Brian shook his head in disgust, although he had to admit that with her narrow waist and full hips, she sure looked good in that dress.
Chapter Twenty-Six
Since discharge seven weeks ago, my life gradually fell back into a routine. I finished morning office hours early and drove home to join Lois for lunch. When I arrived, a service van with a large blue water drop on its side, the logo for Crystal Pure Water, sat at the curb.
Finally, I thought. We’ll get to the bottom of our water problem.
“Lois, I’m home.”
She came out from the kitchen, gave me a kiss and a hug. “The water man is almost through, and then we’ll have lunch.”
“Caesar salad with grilled chicken, cloves and mustard…no, make that Dijon mustard. And, if I’m not mistaken, key lime pie for dessert.”
“Arnie, you’re freaking me out with that nose of yours.”
“Me too, babe. I don’t know what it is, but my nose is working overtime.”
I heard a knock on the door from the garage and when I opened it, the Crystal Pure man, Greg Waterford, entered. “Hey Doc. It’s good to see you back in action.”
“What did you find, Greg?”
“I’ve been over the equipment, top to bottom, and I can’t find a damn thing. Maybe something got past the system, but it’s okay now.

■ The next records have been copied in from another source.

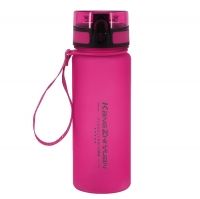 KZY ALL-8045 650ml Pink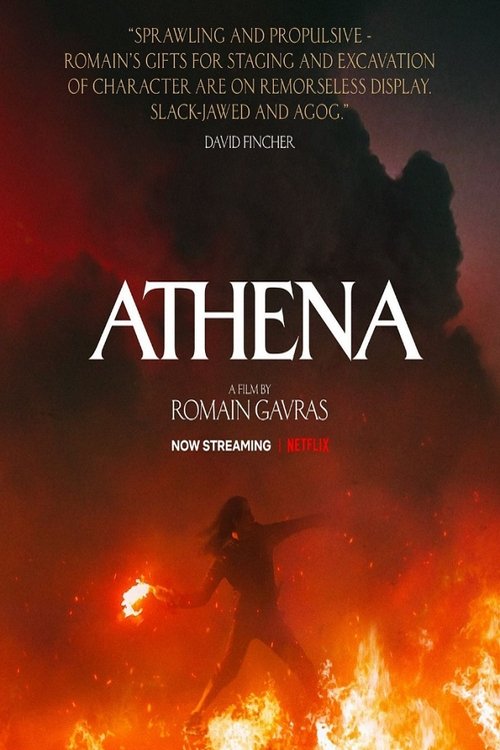 Athena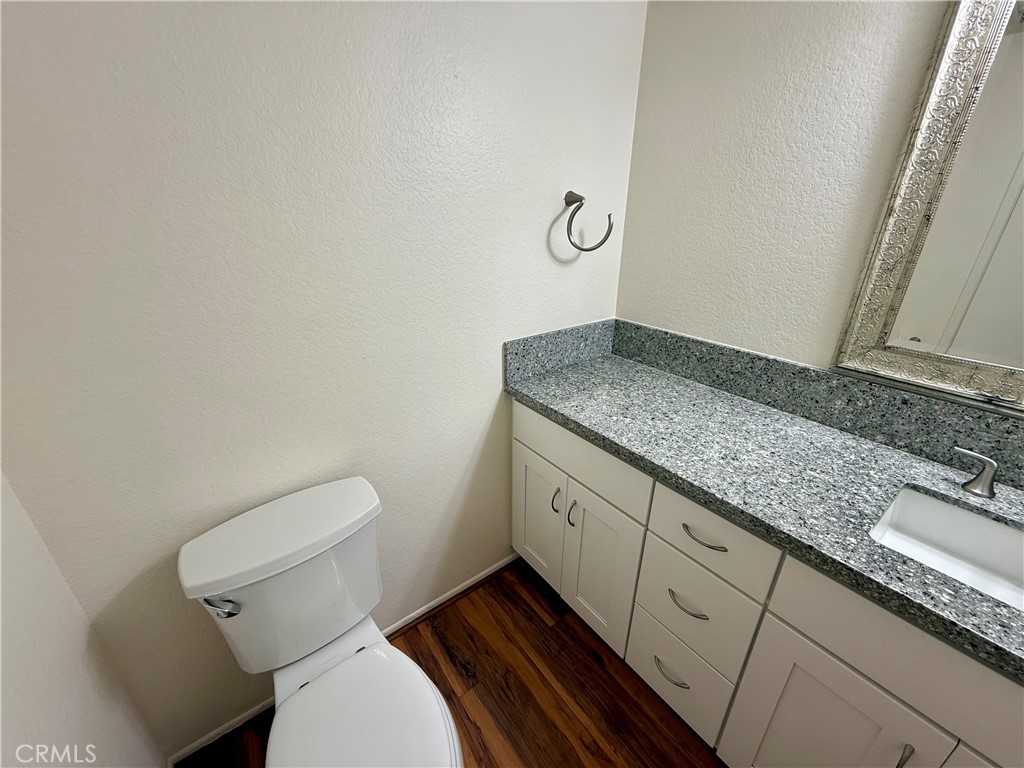 16 Moonlight, Irvine CA 92603 - photo 17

I took the extra step of back-flushing the deionizer and the charcoal.”
He opened the kitchen tap, let the water run for three minutes. “Give it a taste, Doc.”

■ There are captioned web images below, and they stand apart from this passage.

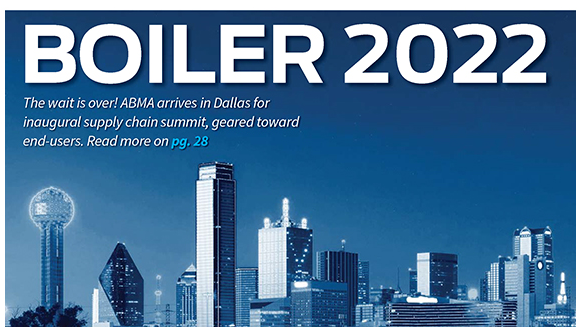 2204 Hpac Cvr 1540x800 623ded913135d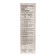 Phytochay series, grass, 50 g in Ind.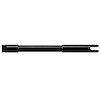 IS-55G Stock Replacement Intermediate Shaft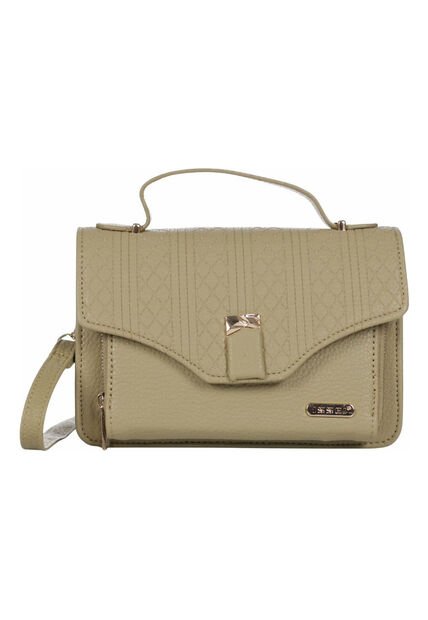 BOLSO ISSEI MUJER 1310 BOLSO ISSEI MUJER 1310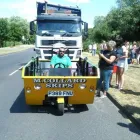 Business 2 image M COLLARD WASTE MANAGEMENT SERVICES LTD Skip Hire in Reading Be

Even before I took a sip, the water emitted the aroma of decaying organic material. The sip was worse. I grimaced as I flashed back to Iraq where my canteen’s disgusting water sat in desert sun for several days. “This is bad, Greg, maybe worse than before, it’s putrid.”
“Putrid,” said Lois, taking a sip, “it tastes fine to me.”
Greg took a sip. “I can’t taste anything wrong with this water, Doc.”
I felt my face redden. “It’s either my imagination or I’m going out of my mind, but that water tastes like shit to me.”
Lois looked at me strangely. “Arnie, calm down. Nobody thinks you’re crazy. There must be a simple explanation.”
Shaken, Greg handed me his clipboard with his water test readings. “The total dissolved solutes was fifty, virtually distilled water, and the rest of the tests, pH, nitrates, etc., are normal.”
I grabbed a bottle of purified water that I kept in the refrigerator. I took a sip. “This tastes fine to me. It’s the water here…don’t you understand?”
Greg looked at Lois and shook his head. “I’m sorry, Doc. I’ll have my boss out tomorrow morning. He’s been in the business for twenty years; maybe he can figure this out.”
After Greg left, Lois sat next to me. “This isn’t like you, Arnie. We have a problem, but one way or another we’ll figure it out. You must have read about or come up against patients with conditions that effect taste.”
“I’m sorry, Lo. It’s as if somebody demanded that you ignore the evidence of your eyes. Maybe it’s more than my nose that’s sensitive these days.”
Lois walked to my side and caressed my neck. “Normally it takes a lot to make you this angry, Arnie. What’s up?”
“Don’t know. I’m constantly on edge.” I hesitated a second then continued, “When I rotated through the Ear, Nose, and Throat service as a medical student, we learned of a condition called dysgeusia, a distorted sense of taste. I’ll look it up, but as I recall it includes things like dental, ENT, or gastrointestinal problems, certain vitamin deficiencies, and the effects of medications. Maybe Jack will have an idea, but Lois, in my heart, I think my nose is heading for bloodhound or beyond.”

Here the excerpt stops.